Best (Building Block) Poses to Use Yoga for Strength and Flexibility

When you use yoga for strength and flexibility, certain poses make the most of your body weight, and target specific areas. Here are a few poses for anyone looking to help build strength in their core and maximize their bodies flexibility.



Watch This Short Strength & Flexibility Routine!

(or continue to the poses)




I. Strength


Plank Pose


plank yoga pose for strength


The plank pose is a powerful way to build-up strength in the core. The beauty of this pose lies in its simplicity, but also it's effectiveness. Their are several variations of Plank pose, but for this post, we'll discuss the basic form.


Steps:

1. First get onto your yoga mat. The initial set-up is similar to a starting push-up position.

2. Your toes should be tucked under, and your shoulders overtop your hands.

3. Spread your fingers wide and deliberately attempt to place equal weight throughout them, taking strain off your wrist.

4. Connect your mind and engage your core throughout the asana. 

5. Attempt to keep a neutral and straight back, allowing for best energy flow. 

6. Hold the position to failure. 


To use this yoga pose for core strength, hold it for as long as possible, or to failure.


Dolphin Pushup


dolphin yoga pose for strength


The dolphin pushup is a powerful pose that can help build strength in your entire body. It is a healthy next progression of strength poses after the plank pose.


Steps:

1. Start on your mat. Place your forearms down, clasping the hands together to begin getting into a forearm plank pose. 

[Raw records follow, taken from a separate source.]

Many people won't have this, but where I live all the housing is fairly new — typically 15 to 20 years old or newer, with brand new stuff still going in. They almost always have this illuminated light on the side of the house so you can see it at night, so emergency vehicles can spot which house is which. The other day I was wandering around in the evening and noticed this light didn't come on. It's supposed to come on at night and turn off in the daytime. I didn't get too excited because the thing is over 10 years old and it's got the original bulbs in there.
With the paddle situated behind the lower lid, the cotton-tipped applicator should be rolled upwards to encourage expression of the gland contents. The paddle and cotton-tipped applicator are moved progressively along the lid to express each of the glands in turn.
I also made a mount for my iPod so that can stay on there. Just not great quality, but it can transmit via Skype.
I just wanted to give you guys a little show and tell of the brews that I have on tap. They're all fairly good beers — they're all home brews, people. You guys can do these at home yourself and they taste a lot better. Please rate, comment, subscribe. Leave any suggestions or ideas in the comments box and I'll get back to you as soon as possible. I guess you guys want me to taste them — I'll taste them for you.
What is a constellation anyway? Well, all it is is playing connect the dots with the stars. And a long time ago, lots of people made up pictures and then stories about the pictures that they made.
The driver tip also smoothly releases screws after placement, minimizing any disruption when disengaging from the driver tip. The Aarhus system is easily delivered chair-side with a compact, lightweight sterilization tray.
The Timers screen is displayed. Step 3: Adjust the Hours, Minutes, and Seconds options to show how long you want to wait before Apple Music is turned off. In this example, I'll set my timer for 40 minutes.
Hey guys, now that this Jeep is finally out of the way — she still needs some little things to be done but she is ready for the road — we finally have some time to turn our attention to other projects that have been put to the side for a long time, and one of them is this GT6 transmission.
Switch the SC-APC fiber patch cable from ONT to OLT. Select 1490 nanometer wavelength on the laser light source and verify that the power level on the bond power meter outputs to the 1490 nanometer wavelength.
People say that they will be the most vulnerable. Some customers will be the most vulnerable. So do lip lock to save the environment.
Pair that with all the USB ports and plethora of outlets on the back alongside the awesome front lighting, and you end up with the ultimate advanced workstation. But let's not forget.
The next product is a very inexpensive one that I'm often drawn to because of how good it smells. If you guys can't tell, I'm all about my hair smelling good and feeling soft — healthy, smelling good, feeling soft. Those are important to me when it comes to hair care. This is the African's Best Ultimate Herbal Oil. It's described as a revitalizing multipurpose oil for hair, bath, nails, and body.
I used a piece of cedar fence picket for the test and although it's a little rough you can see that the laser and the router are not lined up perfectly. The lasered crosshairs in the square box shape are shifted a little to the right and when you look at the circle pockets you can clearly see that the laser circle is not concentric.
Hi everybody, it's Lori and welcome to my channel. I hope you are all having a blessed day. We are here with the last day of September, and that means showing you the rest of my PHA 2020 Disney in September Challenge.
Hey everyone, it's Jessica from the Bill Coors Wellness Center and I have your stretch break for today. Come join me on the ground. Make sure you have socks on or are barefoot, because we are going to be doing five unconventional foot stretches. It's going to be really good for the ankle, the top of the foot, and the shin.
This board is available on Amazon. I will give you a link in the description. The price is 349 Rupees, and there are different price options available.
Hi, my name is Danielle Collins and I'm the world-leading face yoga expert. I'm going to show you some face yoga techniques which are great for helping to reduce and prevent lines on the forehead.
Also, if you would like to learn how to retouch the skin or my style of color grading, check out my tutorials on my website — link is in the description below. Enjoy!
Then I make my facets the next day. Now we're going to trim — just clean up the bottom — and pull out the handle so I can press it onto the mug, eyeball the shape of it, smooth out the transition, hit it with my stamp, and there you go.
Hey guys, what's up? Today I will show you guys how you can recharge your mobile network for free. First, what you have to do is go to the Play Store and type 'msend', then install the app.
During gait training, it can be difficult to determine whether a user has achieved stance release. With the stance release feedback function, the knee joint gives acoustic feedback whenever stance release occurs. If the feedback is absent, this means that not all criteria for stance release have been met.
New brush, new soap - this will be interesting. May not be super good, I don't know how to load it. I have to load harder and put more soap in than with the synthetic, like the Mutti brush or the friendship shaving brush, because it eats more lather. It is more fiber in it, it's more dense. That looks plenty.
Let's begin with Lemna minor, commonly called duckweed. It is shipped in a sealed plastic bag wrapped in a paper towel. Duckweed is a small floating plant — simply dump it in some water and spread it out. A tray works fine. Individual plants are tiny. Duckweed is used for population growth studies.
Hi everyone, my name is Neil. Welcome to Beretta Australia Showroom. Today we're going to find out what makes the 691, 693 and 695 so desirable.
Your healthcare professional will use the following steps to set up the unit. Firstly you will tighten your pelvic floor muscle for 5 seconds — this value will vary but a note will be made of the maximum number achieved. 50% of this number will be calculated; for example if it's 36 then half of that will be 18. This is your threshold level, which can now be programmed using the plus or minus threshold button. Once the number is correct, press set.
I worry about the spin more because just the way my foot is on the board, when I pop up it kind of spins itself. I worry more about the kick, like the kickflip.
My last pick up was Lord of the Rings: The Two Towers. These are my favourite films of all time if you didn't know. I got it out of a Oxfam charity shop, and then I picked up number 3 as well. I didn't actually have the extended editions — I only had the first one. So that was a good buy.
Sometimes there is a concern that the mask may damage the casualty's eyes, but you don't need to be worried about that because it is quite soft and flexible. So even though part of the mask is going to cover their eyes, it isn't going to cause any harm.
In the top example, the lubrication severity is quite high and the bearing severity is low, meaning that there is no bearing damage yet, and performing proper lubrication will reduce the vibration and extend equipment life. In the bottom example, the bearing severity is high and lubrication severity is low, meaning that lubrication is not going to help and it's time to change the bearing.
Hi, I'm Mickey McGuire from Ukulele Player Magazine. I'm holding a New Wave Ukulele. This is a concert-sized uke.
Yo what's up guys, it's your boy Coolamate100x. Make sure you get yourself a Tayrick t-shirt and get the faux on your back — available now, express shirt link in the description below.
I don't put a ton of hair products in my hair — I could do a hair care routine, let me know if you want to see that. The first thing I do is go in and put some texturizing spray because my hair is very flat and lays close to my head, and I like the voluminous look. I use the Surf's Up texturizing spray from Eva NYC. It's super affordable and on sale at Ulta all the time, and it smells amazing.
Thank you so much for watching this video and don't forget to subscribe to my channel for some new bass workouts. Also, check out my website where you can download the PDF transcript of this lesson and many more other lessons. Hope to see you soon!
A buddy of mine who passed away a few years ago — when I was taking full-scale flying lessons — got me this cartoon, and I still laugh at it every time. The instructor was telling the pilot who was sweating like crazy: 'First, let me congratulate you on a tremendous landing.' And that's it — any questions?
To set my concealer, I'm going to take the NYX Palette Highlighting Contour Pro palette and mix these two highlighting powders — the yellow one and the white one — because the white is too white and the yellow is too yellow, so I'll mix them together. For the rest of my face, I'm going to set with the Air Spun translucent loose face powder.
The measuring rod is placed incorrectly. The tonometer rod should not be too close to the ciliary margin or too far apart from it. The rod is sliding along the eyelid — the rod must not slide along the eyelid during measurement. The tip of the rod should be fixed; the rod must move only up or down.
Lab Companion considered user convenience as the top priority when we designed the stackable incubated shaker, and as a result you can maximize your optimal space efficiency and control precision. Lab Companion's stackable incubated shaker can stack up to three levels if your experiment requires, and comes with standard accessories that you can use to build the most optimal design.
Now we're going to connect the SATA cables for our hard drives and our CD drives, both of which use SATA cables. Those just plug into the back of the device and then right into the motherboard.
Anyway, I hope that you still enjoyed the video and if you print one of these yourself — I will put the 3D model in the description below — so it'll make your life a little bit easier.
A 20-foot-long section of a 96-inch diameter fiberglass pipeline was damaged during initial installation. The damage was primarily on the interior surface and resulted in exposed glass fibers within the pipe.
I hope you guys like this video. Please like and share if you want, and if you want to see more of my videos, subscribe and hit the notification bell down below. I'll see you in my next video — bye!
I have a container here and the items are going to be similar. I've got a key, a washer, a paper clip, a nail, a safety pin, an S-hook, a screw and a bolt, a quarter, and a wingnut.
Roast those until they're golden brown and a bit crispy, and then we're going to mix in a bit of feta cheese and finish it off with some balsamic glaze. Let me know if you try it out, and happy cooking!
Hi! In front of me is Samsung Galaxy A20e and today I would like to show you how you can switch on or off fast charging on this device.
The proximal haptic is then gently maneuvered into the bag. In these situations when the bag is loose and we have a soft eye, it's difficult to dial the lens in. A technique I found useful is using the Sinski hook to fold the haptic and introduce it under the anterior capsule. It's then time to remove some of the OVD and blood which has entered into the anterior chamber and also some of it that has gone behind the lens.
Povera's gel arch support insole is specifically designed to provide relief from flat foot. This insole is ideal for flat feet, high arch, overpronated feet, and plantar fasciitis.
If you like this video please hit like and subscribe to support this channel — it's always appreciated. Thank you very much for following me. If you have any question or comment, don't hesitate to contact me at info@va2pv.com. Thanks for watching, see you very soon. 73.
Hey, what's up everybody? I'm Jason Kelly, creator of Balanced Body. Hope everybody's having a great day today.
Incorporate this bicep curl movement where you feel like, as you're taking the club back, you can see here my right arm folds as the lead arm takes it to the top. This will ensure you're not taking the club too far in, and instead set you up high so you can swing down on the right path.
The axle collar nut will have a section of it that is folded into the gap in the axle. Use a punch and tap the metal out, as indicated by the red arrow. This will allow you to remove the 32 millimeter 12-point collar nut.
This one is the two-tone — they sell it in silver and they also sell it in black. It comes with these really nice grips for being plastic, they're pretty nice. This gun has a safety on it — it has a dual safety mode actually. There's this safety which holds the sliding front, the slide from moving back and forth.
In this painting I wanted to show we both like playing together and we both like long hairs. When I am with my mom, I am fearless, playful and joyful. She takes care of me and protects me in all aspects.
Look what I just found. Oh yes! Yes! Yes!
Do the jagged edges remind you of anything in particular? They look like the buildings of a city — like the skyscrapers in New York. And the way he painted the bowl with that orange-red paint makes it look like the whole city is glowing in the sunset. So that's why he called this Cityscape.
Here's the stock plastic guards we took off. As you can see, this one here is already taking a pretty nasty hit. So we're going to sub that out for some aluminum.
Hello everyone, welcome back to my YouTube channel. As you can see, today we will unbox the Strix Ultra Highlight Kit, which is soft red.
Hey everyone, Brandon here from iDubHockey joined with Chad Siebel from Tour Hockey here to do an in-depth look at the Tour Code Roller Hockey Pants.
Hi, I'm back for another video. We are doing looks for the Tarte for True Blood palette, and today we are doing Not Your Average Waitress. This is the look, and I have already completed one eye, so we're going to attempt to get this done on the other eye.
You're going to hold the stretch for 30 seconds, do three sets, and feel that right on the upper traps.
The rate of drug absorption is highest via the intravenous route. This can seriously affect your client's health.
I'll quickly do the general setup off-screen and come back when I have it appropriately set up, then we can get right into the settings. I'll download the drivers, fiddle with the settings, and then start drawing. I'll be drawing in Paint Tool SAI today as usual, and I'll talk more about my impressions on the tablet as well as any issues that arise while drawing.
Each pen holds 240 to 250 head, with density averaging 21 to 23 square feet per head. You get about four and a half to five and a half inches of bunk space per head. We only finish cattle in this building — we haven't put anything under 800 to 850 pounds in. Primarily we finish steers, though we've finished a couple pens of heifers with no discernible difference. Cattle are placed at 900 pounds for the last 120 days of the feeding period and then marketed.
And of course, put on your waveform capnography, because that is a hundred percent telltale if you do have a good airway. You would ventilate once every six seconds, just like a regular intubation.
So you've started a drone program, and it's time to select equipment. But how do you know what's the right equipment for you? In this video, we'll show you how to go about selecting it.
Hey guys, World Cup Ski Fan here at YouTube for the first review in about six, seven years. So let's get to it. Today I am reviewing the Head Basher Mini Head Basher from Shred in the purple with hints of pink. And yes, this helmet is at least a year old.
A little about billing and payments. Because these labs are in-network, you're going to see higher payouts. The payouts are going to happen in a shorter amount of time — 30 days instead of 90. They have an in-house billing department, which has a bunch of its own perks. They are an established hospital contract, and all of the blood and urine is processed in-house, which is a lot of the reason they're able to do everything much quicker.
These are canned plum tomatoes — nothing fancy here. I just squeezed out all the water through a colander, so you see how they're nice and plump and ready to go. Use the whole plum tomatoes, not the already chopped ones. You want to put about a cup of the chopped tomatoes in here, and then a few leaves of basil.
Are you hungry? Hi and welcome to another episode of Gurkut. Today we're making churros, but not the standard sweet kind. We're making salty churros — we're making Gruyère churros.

2. Imagine pushing your forearms down into the mat prior to stepping your feet back and getting into the plank position. Elbows should be roughly hip-width apart, as should your feet. 

3. Now come up into the plank, begin to walk your feet up toward your hips, lifting your hips toward the ceiling. You are now in Dolphin

4. To continue to the pushup variation, while in Dolphin, shift your upper body forward, where your shoulder pass you elbows, then shift them back over your elbows in a back and forth pattern. 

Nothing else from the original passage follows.